Screen Shot 2020 02 28 at 3 04 43 PM
(Population Institute)

When it comes to reproductive rights, the United States is flunking. A report card from the nonprofit, Washington-based Population Institute has given the U.S. an F for the first time in the eight years it has graded the country’s record.

The institute tracks reproductive health and rights—such as access to family planning, sex education, and abortion services—and said there has been a “steady erosion” of reproductive rights at both the federal and state levels over the past decade. In 2018, the institute gave the U.S. a D-.

“The political war over reproductive health rights is far from over, but the legal and regulatory battle lines have been drawn, and the stakes could not be higher,” said Robert Walker, president of the institute.

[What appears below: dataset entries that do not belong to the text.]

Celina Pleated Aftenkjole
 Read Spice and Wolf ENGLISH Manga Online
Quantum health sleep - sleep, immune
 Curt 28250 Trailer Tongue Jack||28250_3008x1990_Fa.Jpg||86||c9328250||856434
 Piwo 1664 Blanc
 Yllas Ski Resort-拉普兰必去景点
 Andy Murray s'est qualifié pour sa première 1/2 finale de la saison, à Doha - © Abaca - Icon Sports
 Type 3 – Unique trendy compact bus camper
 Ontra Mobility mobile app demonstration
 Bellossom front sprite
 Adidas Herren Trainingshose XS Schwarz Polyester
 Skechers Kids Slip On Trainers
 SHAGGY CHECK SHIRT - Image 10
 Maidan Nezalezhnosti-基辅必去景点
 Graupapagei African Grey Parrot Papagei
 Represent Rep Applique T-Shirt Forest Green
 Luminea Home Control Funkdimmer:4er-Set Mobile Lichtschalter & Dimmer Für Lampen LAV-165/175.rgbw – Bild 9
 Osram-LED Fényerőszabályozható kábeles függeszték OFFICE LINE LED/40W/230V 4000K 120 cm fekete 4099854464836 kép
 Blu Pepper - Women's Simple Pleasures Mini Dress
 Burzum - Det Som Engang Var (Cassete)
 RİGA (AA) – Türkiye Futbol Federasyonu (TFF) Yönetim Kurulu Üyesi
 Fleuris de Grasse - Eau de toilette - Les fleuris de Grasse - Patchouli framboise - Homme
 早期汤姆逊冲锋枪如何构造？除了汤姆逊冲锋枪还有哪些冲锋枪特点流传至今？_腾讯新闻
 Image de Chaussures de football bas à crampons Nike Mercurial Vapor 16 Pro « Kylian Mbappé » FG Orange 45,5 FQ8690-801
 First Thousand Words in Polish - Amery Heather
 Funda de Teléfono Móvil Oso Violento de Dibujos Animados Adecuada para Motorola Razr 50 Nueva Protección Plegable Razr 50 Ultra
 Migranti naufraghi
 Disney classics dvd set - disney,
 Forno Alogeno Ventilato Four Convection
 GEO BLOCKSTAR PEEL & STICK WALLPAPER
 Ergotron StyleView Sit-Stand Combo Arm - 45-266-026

Grades for each state in 2019 varied widely: Twenty-three states received a B or higher, with California, Hawaii, Maine, Maryland, New Jersey, Oregon, and Washington topping the list with As. Twenty states, however, were given fails: Alabama, Arkansas, Florida, Idaho, Indiana, Kansas, Kentucky, Louisiana, Michigan, Mississippi, Missouri, Nebraska, North Dakota, Ohio, Oklahoma, South Carolina, South Dakota, Tennessee, Texas, Utah, and Wisconsin. The institute attributed the Fs to the passage of restrictive abortion laws by several of these states that “defy the Roe v. Wade guidelines in hopes of persuading the U.S. Supreme Court to overturn the landmark ruling.” Almost 500 abortion restrictions have been passed at the state level since 2010, according to the organization’s report.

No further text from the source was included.